La stratégie d’automatisation permet de rapprocher les prix de ceux du marché international, même si les produits français restent en moyenne 30 % plus chers que ceux de la grande distribution classique. L’entreprise accélère son implantation dans les grandes surfaces et le BtoB, et prépare l’automatisation d’autres gammes. L’usine doit encore s’étendre, avec un objectif de 5 000 m² en 2027.

Malgré ces avancées, les incertitudes demeurent. La production locale reste marginale : 3 % d’environ 3,3 à 3,5 milliards de vêtements mis chaque année sur le marché. Les prix extrêmement bas des chaînes asiatiques — autour de 4 euros en moyenne — exercent une pression constante. La formation de couturiers et de techniciens, devenue difficile, constitue un autre frein. La demande reste fragile : les ventes textiles ont reculé de 1,5 % en janvier 2025, malgré un e-commerce en progression.

Sur le plan environnemental, les fabricants doivent désormais valoriser les invendus et intégrer la circularité des matières. Un tee-shirt produit en France génère environ 5,2 kg de CO₂, un niveau souvent inférieur à celui des productions asiatiques plus énergivores.

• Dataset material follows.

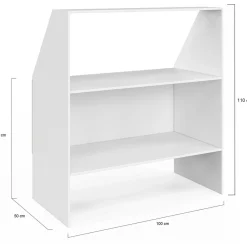 Ensemble étagère 2 niveaux, armoire 2 portes et 1 porte + 1 niche sous pente Blanche*IDMarket Clearance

La réindustrialisation en ligne de mire

Le projet « Fier(t) » synthétise l’ambition de l’entreprise : prouver que la compétitivité prix, l’emploi local et la transparence environnementale peuvent converger dans un secteur très exposé. Avec une structure industrielle repensée, une distribution élargie et une montée en volumes, Le Slip Français cherche à consolider une filière affaiblie depuis trente ans. L’entreprise avance toutefois avec prudence, consciente de la fragilité économique d’un marché où le Made in France reste minoritaire.